Material for the task section start

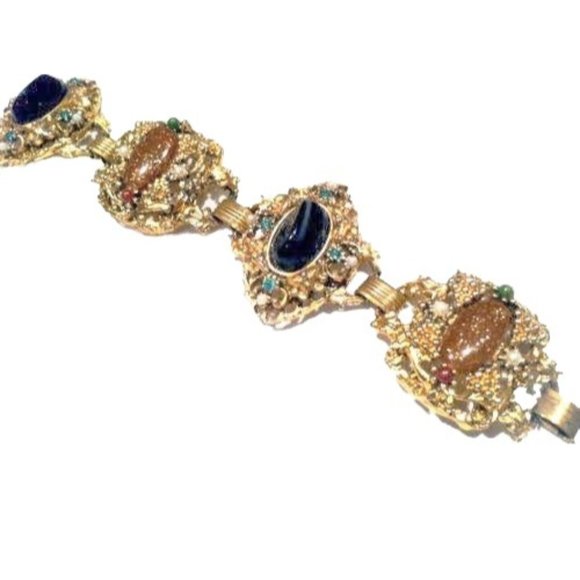 Wonderful Victorian Art Nouveau Bracelet Book Chain Link Vintage Costume Jewelry - Picture 1 of 6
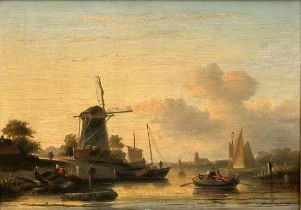 Andreas Schelfhout: painting (o/p) 'river with mill'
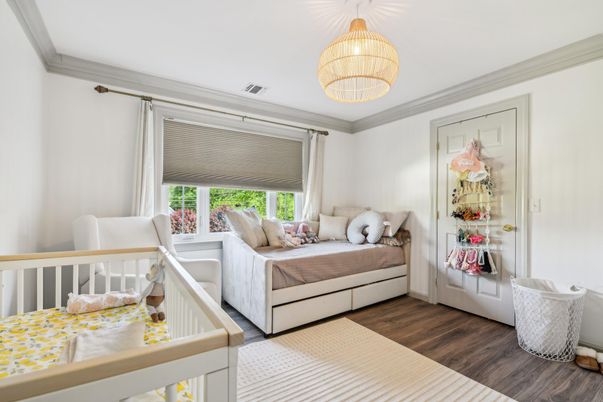 Bedroom, Chandelier, Interior, Wood Texture Flooring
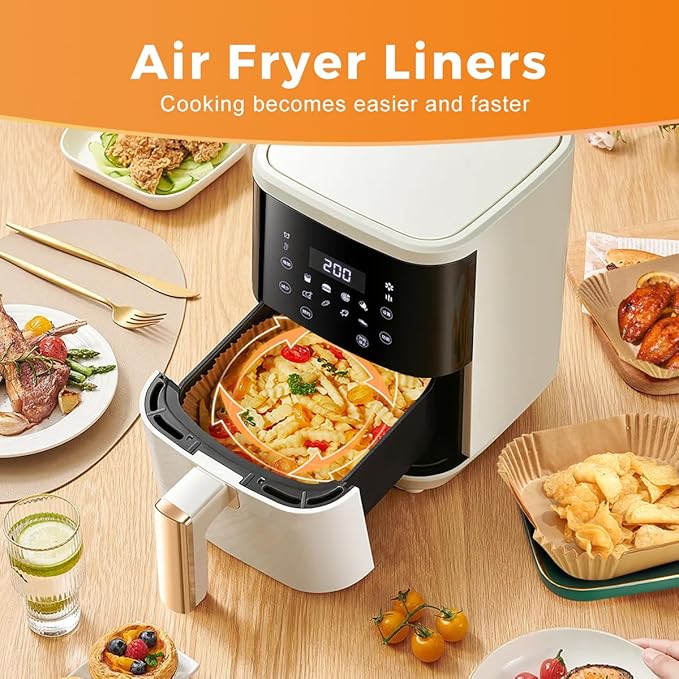 Air Fryer Paper Liners, 200pcs Air Fryer Liners Disposable, 6.3" Square Baking Liner for 2-4 qt Airfryer Basket, Non-stick and Oil Proof Parchment Paper for Oven, Pans & Baking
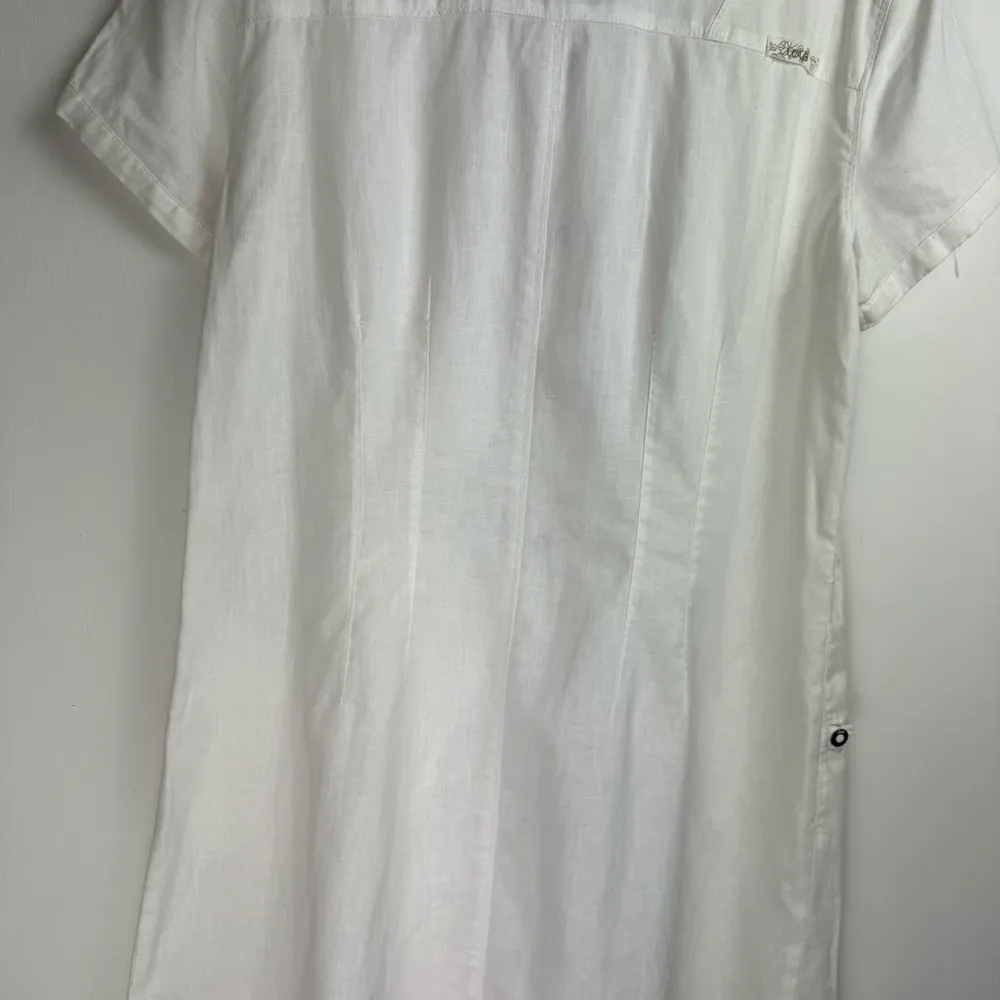 Lole Linen Cotton Blend Shirt Dress Sz 8 White Button Snap Boho Lagenlook - Image 15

Material for the task section end

Exercise aim: Please reproduce the material above word for word, without its images.

Response:
 Wonderful Victorian Art Nouveau Bracelet Book Chain Link Vintage Costume Jewelry - Picture 1 of 6
 Andreas Schelfhout: painting (o/p) 'river with mill'
 Bedroom, Chandelier, Interior, Wood Texture Flooring
 Air Fryer Paper Liners, 200pcs Air Fryer Liners Disposable, 6.3" Square Baking Liner for 2-4 qt Airfryer Basket, Non-stick and Oil Proof Parchment Paper for Oven, Pans & Baking
 Lole Linen Cotton Blend Shirt Dress Sz 8 White Button Snap Boho Lagenlook - Image 15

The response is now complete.